#### PROBLEM REQUIREMENTS
Within the data that follows, set down exactly the lines from the one containing "hernia-de-disco-causas-sintomas" through the one containing "Aumento de labios - Clínica Gove", both ends included.

#### PROVIDED MATERIAL
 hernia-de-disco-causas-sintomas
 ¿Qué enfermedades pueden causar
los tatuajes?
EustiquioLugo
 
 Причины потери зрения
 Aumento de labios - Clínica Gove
* * *
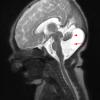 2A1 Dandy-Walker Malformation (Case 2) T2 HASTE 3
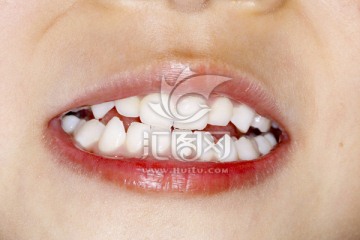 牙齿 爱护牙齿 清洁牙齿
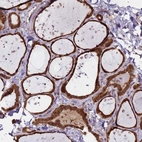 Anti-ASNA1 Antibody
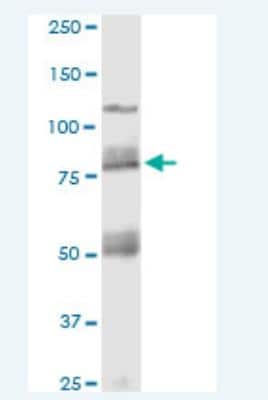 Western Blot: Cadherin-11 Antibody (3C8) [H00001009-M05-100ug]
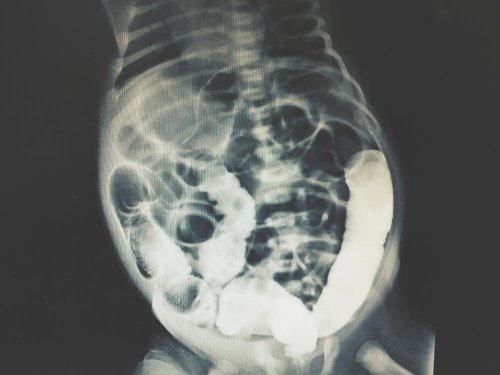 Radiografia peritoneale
---
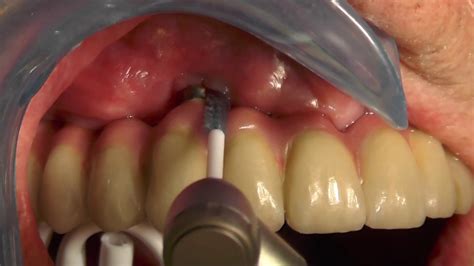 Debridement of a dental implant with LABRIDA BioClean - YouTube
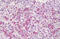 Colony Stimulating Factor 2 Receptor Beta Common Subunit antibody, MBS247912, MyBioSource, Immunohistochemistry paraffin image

#### OUTPUT FOR THIS TASK
 hernia-de-disco-causas-sintomas
 ¿Qué enfermedades pueden causar
los tatuajes?
EustiquioLugo
 
 Причины потери зрения
 Aumento de labios - Clínica Gove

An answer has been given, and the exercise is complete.